_Exercise_:
The answer should hold only the lines from the one that contains "Nordic Water Color" through the last line of the material, repeated exactly, without pictures.

_Data provided_:
::::::::
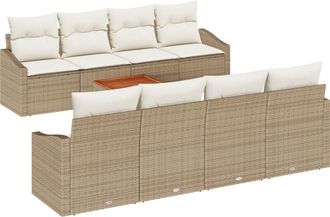 vidaXL Garden Sofa Set with Cushion 9 pcs Beige Poly rattan Vidaxl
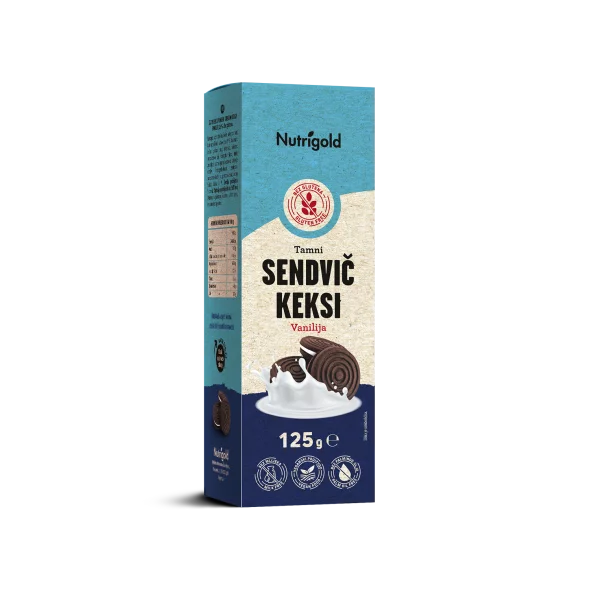 Nutrigold Sandwichkekse Dunkel Vanille – Glutenfrei in einer 125 Gramm Packung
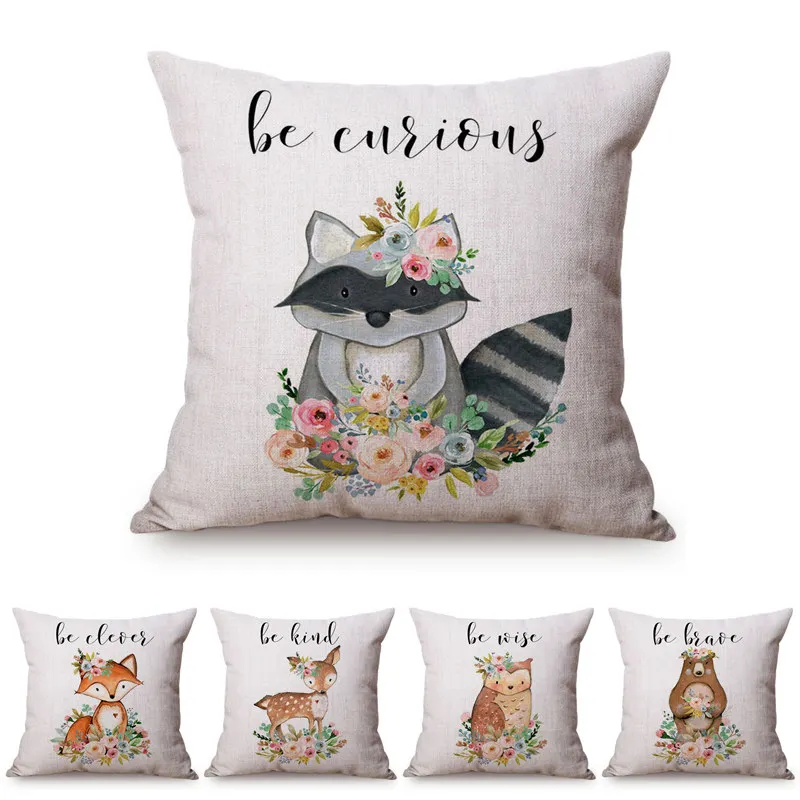 

Nordic Water Color Art Cute Animal Pattern Sofa Decorative Throw Pillow Case Fox Owl Sika Deer Letter Design Linen Cushion Cover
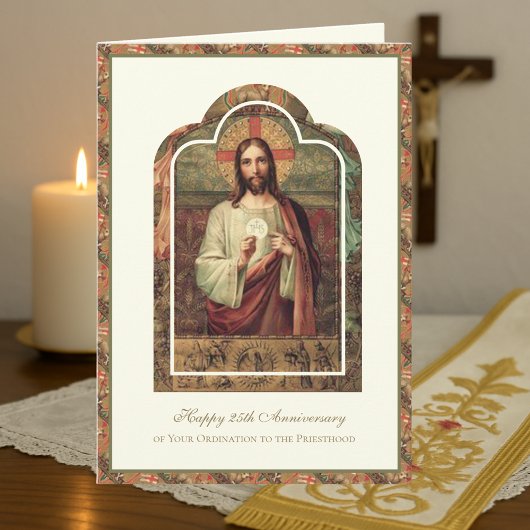 カトリック司祭の記念日の調整ディーコンカー カード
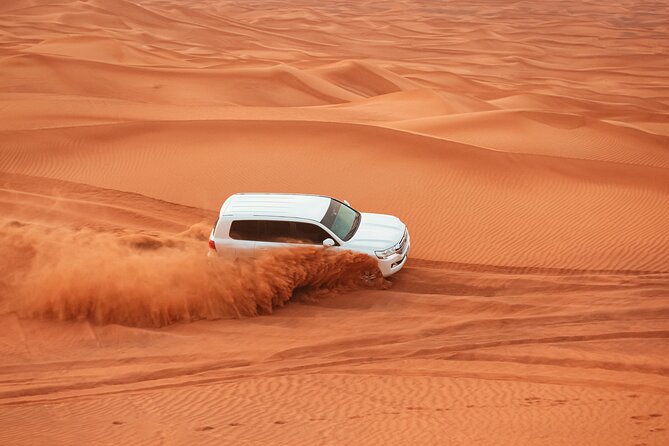 Dubai Desert Safari Dune Bashing, Camel Ride, Sand Boarding, BBQ Dinner. - Sunset Photography and Henna Painting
::::::::
_Exercise output_:
Nordic Water Color Art Cute Animal Pattern Sofa Decorative Throw Pillow Case Fox Owl Sika Deer Letter Design Linen Cushion Cover
 カトリック司祭の記念日の調整ディーコンカー カード
 Dubai Desert Safari Dune Bashing, Camel Ride, Sand Boarding, BBQ Dinner. - Sunset Photography and Henna Painting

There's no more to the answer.